Web crawling¶
Add public websites as sources without signing into a third-party document provider. Web crawling is useful for help centers, marketing sites, or any HTML pages your team wants Mention to treat like other documentation.
What gets synced¶
You give Mention a starting URL and options such as how deep to follow links and how many pages to include. The crawl visits linked pages (respecting normal web rules like robots.txt where applicable) and stores each page as readable text (similar to markdown) so headings and structure stay useful.
Individual pages can end up in different states—for example completed, skipped because of depth or limits, blocked by site policy, or errored if a page could not be loaded. Your admin UI shows which pages succeeded so you can decide what to activate.
How to connect¶
There is no separate vendor login for crawling itself.
- In Mention, create a web crawl (or site crawl) with the root URL you want to start from.
- Set depth and maximum pages to match how much of the site you want (your admin guide may recommend starting small).
- Run the crawl and wait until it finishes or reports status.
- Review discovered pages and activate the ones Mention should use.
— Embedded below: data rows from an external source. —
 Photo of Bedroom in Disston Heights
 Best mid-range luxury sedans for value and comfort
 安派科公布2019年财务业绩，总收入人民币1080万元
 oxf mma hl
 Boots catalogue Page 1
Large sites can take several minutes; very long runs may time out and can be retried or narrowed. See Connecting sources for where this fits in your overall source setup.
Things to know¶
- Only publicly reachable pages you are allowed to crawl are good candidates; login walls and heavy dynamic sites may crawl poorly or be skipped.
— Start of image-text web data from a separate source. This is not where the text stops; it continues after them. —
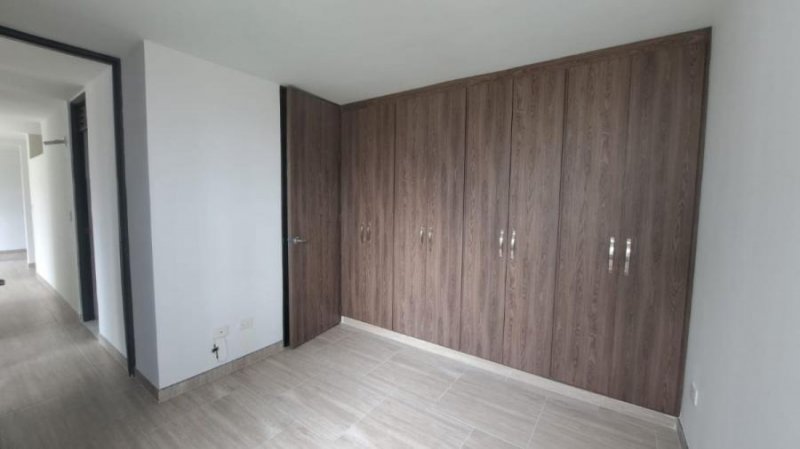 Apartamento en Venta en FUSAGASUGA FUSAGASUGA  CUNDINAMARCA COLOMBIA, Cundinamarca
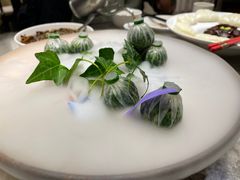 -孔乙己(后海店)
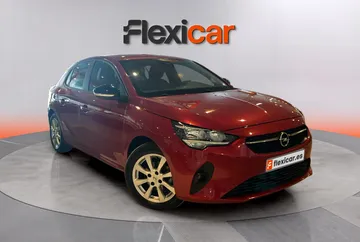 opel corsa 12 xel 55kw 75cv edition gasolina manual elche 2 903000000249804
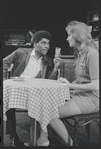 No Place to Be Somebody, original Broadway production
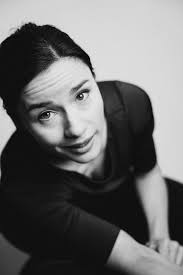 Jeannine Michèle Wacker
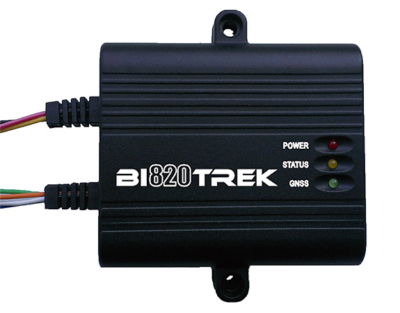 GPS трекер BITREK BI 820 TREK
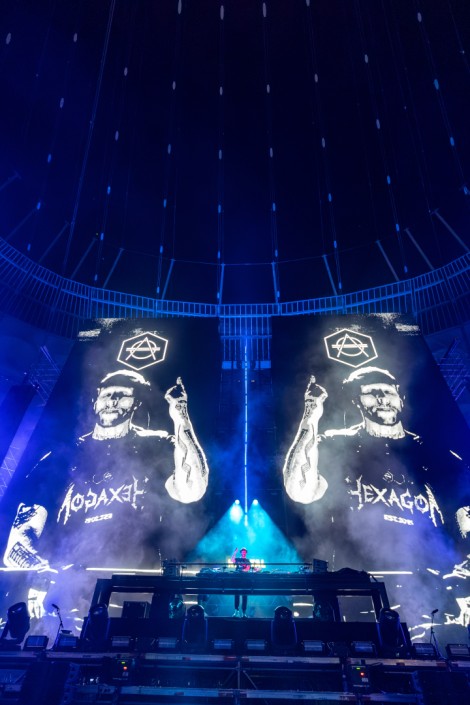 don-diablo-bucharest-july-2025-6f21d392b6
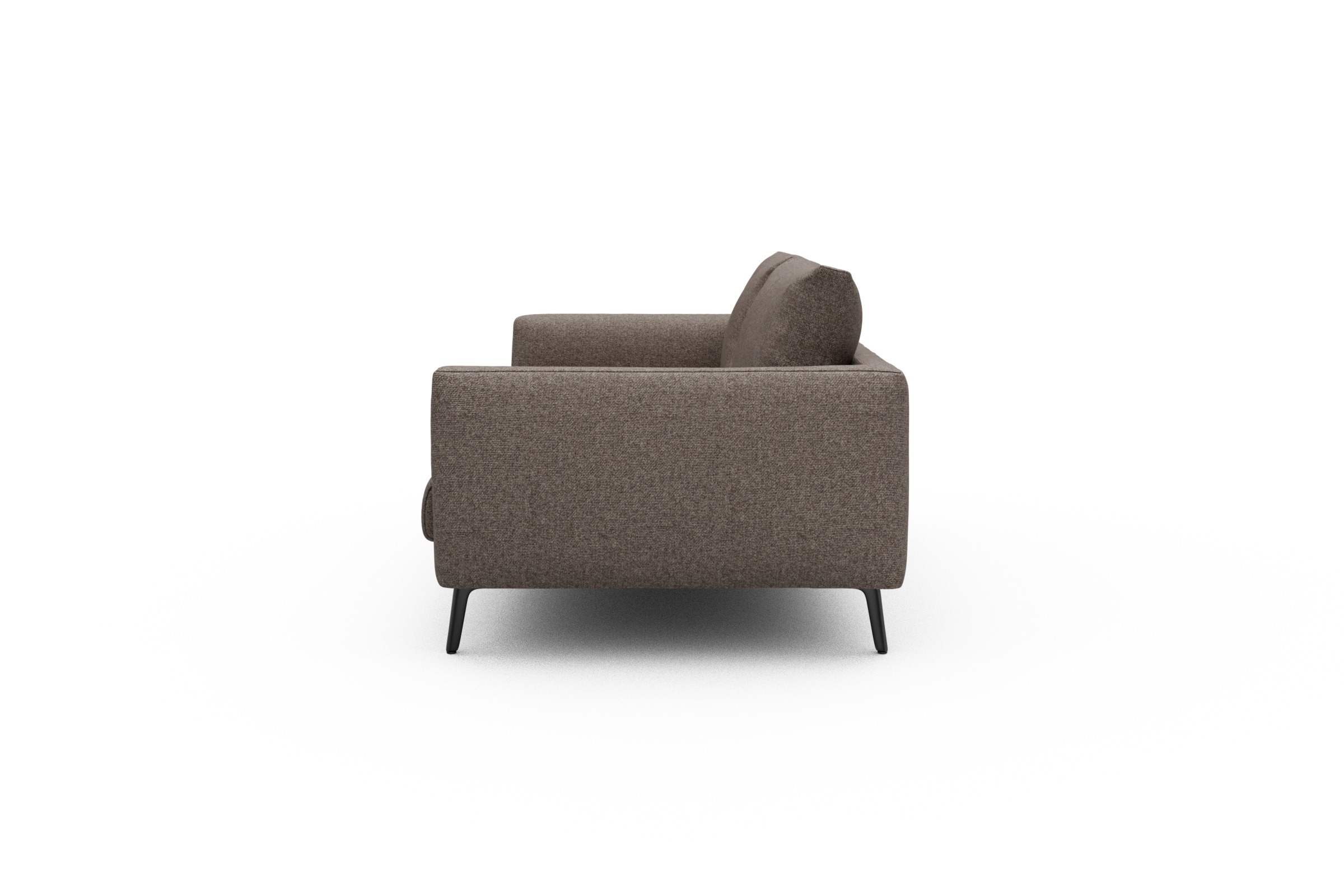 Sofa Karl 2-5-Sitzer Sama-Stone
- Robots.txt and similar rules can mark pages as disallowed; those pages will not be imported as usable content.
- After a crawl completes, new pages often start inactive until you explicitly activate them—similar to other sources.
Sync behavior¶
Crawls can run on a daily schedule so your snapshot of the site stays current. You can also start a new crawl manually (recrawl) when you publish major documentation updates and want Mention to re-fetch the site.
Activation limit¶
You can activate up to 500 pages per crawl.